Consapevolezza diversa nonostante repressione e violenza sessuale nella parte occupata del Rojava. Un colloquio con Lydia Gottschalk. Lydia Gottschalk ha vissuto diversi anni nel territorio dell’amministrazione autonoma curdo-siriano del Rojava. A Amburgo ne parlerà domenica 29 prime durante un’iniziativa.
Come le è venuta l’idea di andare in Kurdistan e cosa ha fatto quando era lì?
La decisione era strettamente collegata al mio percorso di vita e anche un risultato di sviluppi sociali e politici. Ho iniziato presto a lottare per i diritti delle donne, contro l’energia nucleare e contro il razzismo. All’epoca compresi che non conosciamo veramente né la storia dei movimenti sociali in Europa né mettiamo in pratica le nostre richieste nelle nostre vite. Ho strutture imperiali e post-coloniali che vengono tenute in piedi dagli Stati con tutta la loro forza. Così mi sono chiesta, se ci fosse una situazione come all’epoca in Spagna e in Catalogna, tutti i movimenti anticapitalisti sarebbero in grado di agire insieme? Ho girato il mondo e ho conosciuto molte idee, ma non avevo mai visto un movimento di donne così forte come quello curdo. Sono andata in Kurdistan, ho raccolto impressioni, imparato il curdo e ho conosciuto la situazione delle persone in molte città e regioni. Ho lavorato nei consigli delle donne e nel settore della formazione su piani per un nuovo sistema scolastico, imparato a vivere nelle comuni e a ascoltare. Oggi considero mio compito più importante riportare in Europea le esperienze, in parte della guerra ma anche la forza e la speranza della rivoluzione in Rojava.
Com’è la situazione delle donne in Rojava rispetto a quella in altre zone del Medio Oriente?
In Rojava le donne hanno voce in capitolo in modo netto. Sono le prime a prendere la parola nelle assemblee. Sono quelle coraggiose che prendono le armi prima contro IS e ora contro la Turchia. Perché? Perché amano la vita e le persone. Hanno orgoglio e grazia e prendono iniziativa in tutti gli ambiti della società. Non solo le curde. Allo stesso modo le arabe, turkmene, ezide, assire.
Le ha lavorato anche nei campi profughi. Che tipo di posti erano e come si organizza lì il movimento delle donne?
A Machmur si trovano persone che negli anni ’90 sono fuggite in Iraq dal Kurdistan del nord perché l’esercito turco aveva bruciato i loro villaggi e torturato la popolazione. A Sengal nel nord dell’Iraq »Stato Islamico« dopo il ritiro del »Partito Democratici del Kurdistan« ha commesso un genocidio della popolazione ezida.
Le donne delle YPJ del Rojava hanno svolto un ruolo guida non solo nella protezione dei sopravvissuti, molto sostegno è arrivato da loro anche nell’approvvigionamento in ambito civile. Sono stati fondati sia consigli autonomi delle donne sia consigli comuni.

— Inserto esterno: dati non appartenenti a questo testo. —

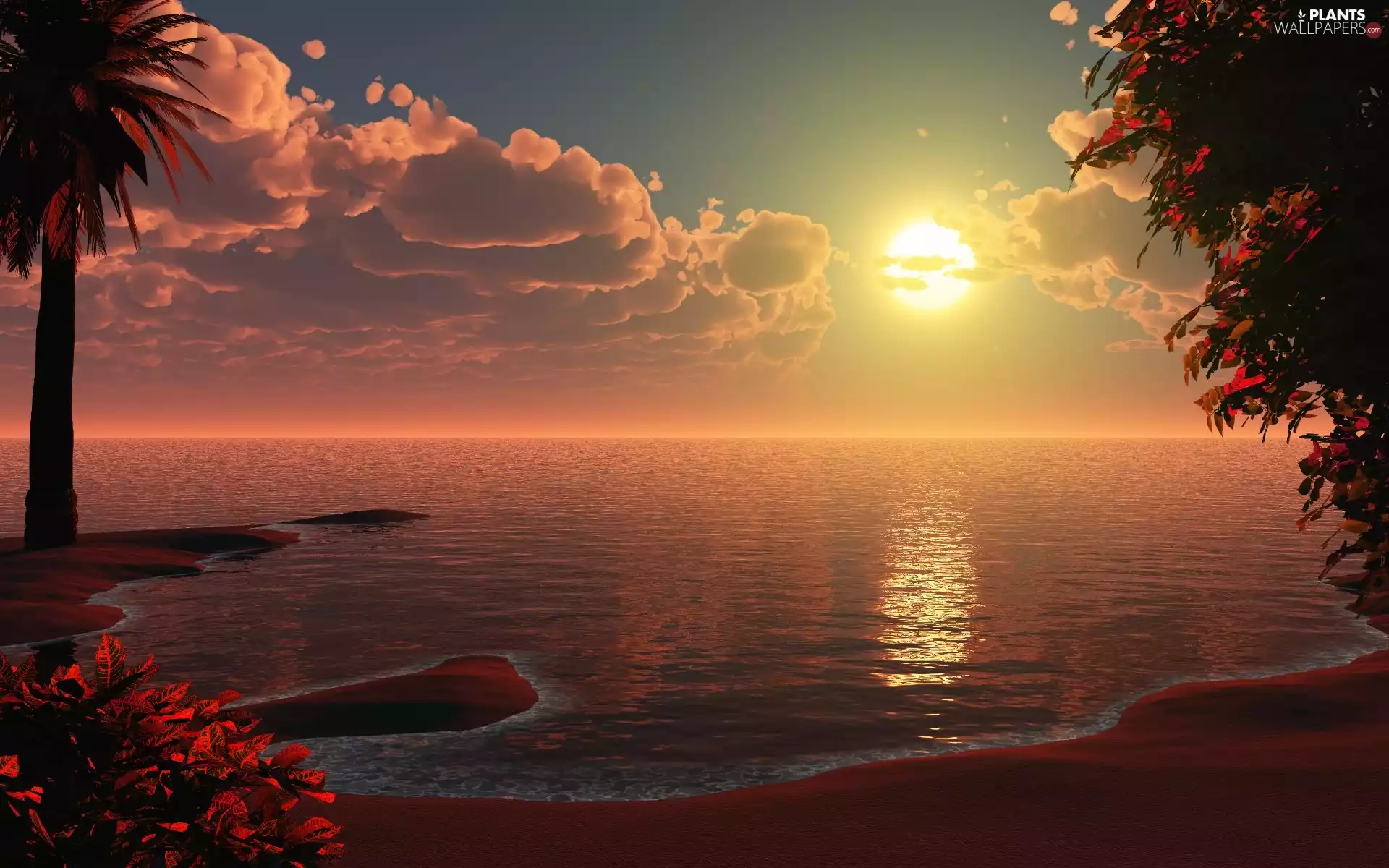 Beaches, Palms, clouds, lake, sun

Come funziona l’organizzazione autonoma delle donne?
In tutti gli ambiti della vita, sia la comune, l’istruzione e la cultura, la difesa, la diplomazia, ci sono sia consigli comuni con doppi incarichi sia consiglio autonomi delle donne. Ma ci sono difficoltà nel superare gli schemi di ruolo. È ancora minore il numero di donne che vogliono partecipare al lavoro diplomatico rispetto al numero nella costruzione di cooperative e comuni.
Attualmente viene costruito un canale televisivo di donne: Jin TV. Perché?
Jin TV può portare la forza delle donne del Rojava nel mondo e superare i confini nelle teste. Le donne qui possono fare tutto da sé, dalla giornalista alla regista, dalla redattrice all’addetta alle telecamere, dalle tecnica alla moderatrice. Una cosa del genere non esisteva ancora.
Qual è la situazione delle donne nel Cantone di Afrin dall’ingresso della Turchia?
Sono in contatto con conoscenti sul posto – la situazione è molto critica. Tra i profughi si diffondono malattie. Molti bambini sono morti perché le donne non possono più allattare. Manca tutto, ma non hanno perso la loro dignità. Le donne che sono rimaste a Afrin vivono cose ancora peggiori. Lì bambine a partire dai nove anni vengono sequestrate e fatte sposare a jihadisti. Anche a una famiglia che conosco è successo questo. Donne che vanno in strada non accompagnate da un uomo sono vittima di violenze sessuali.
Ma le donne di Afrin sono libere nelle loro menti. Non accetteranno mai l’occupazione da parte della Turchia e degli jihadisti.